La Sardegna, grazie ai suoi ampi spazi naturali e alla limitata presenza di inquinamento luminoso in molte zone dell’entroterra e delle coste meno urbanizzate, è uno dei luoghi migliori d’Italia per osservare il fenomeno. Basta allontanarsi dalle grandi città, scegliere un punto panoramico e attendere che il cielo diventi completamente buio.

Tra le località più indicate ci sono gli altopiani del Gennargentu, il Supramonte, l’altopiano della Giara, il Monte Limbara, il Sarrabus, il Golfo di Orosei e le spiagge più isolate della Costa Verde, dell’Ogliastra e del Sulcis.
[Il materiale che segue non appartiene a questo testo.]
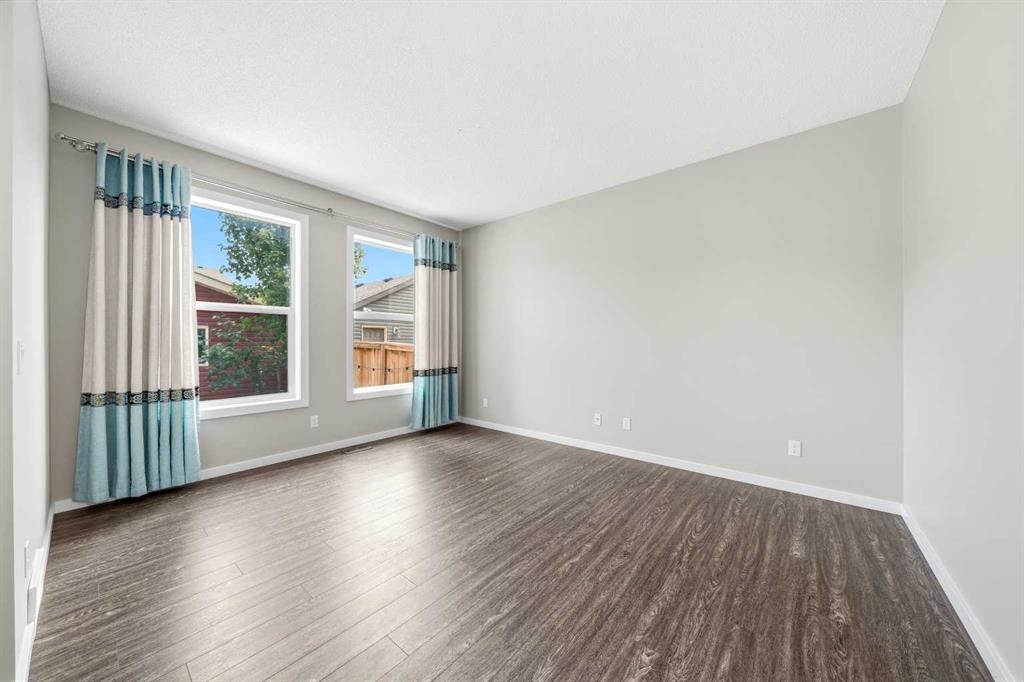 75 Legacy Glen Row Se, Calgary, AB - Indoor Photo Showing Other Room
Anche lungo il litorale del Sinis, a Capo Pecora o nelle aree meno illuminate di Chia e Villasimius è possibile godere di un’ottima visuale del cielo stellato.
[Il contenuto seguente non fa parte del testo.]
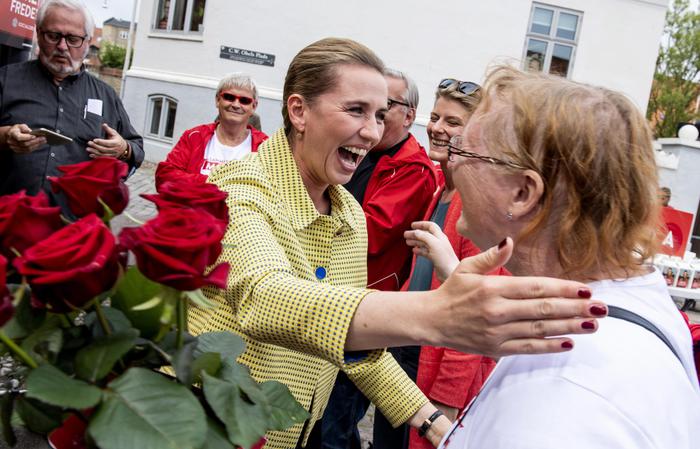 Mette Frederiksen, leader del partito Danish Social Democrats (con il vestito giallo), festeggia la vittoria nelle elezioni in Danimarca.
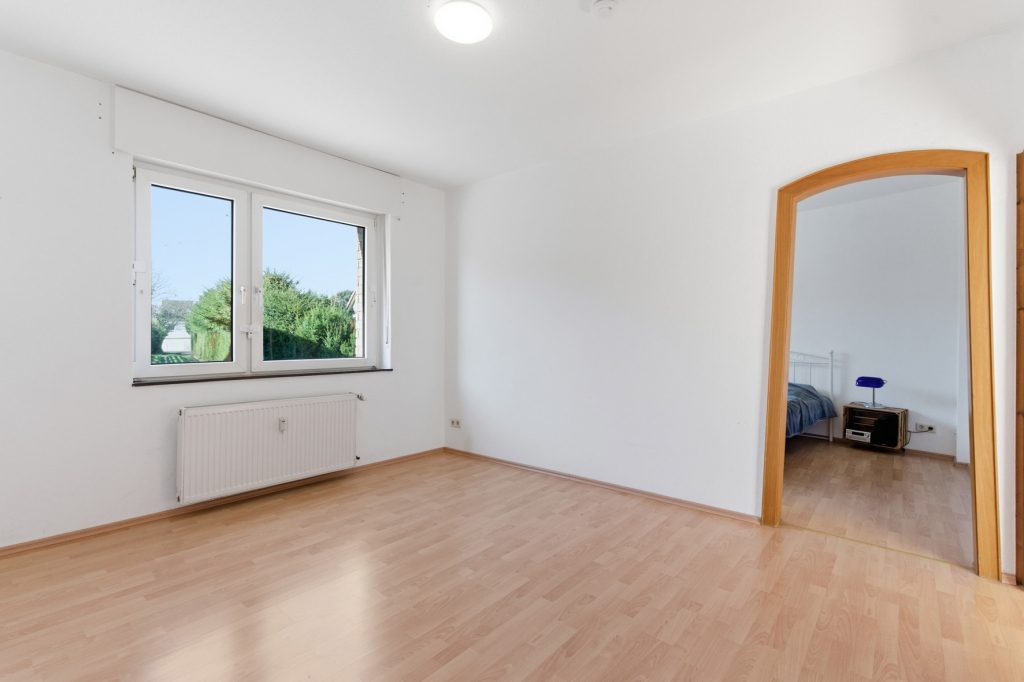 Gütelhöfer Immobilien - Immobilienangebot - Bornheim / Widdig - Alle - Für Generationen! 2 Wohnhäuser auf einem Grundstück in unmittelbarer Rheinnähe von Bornheim / Widdig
Per osservare al meglio le Perseidi non servono telescopi o binocoli. L’occhio umano è lo strumento migliore. Gli astronomi consigliano di sdraiarsi su una coperta o una sedia reclinabile, lasciare che la vista si abitui al buio per almeno venti minuti ed evitare di guardare lo schermo del cellulare, che riduce la capacità di distinguere le meteore più deboli.

Le cosiddette stelle cadenti, in realtà, non sono stelle. Si tratta di minuscoli frammenti di polvere e roccia lasciati dalla cometa Swift-Tuttle che, entrando nell’atmosfera terrestre a velocità elevatissima, si incendiano creando le caratteristiche scie luminose. Il fenomeno è osservabile ogni anno tra la fine di luglio e la seconda metà di agosto, ma è proprio nei giorni centrali del mese che raggiunge la sua massima intensità.
Molti comuni e associazioni astronomiche organizzano inoltre serate dedicate all’osservazione del cielo, spesso abbinate a degustazioni, musica e iniziative culturali, trasformando la Notte di San Lorenzo in un’esperienza che unisce natura, scienza e tradizione.
Che si scelga una spiaggia, una montagna o una piazza illuminata soltanto dalle stelle, il consiglio è sempre lo stesso: guardare il cielo con pazienza. Perché, come vuole la tradizione, ogni scia luminosa è l’occasione perfetta per esprimere un desiderio.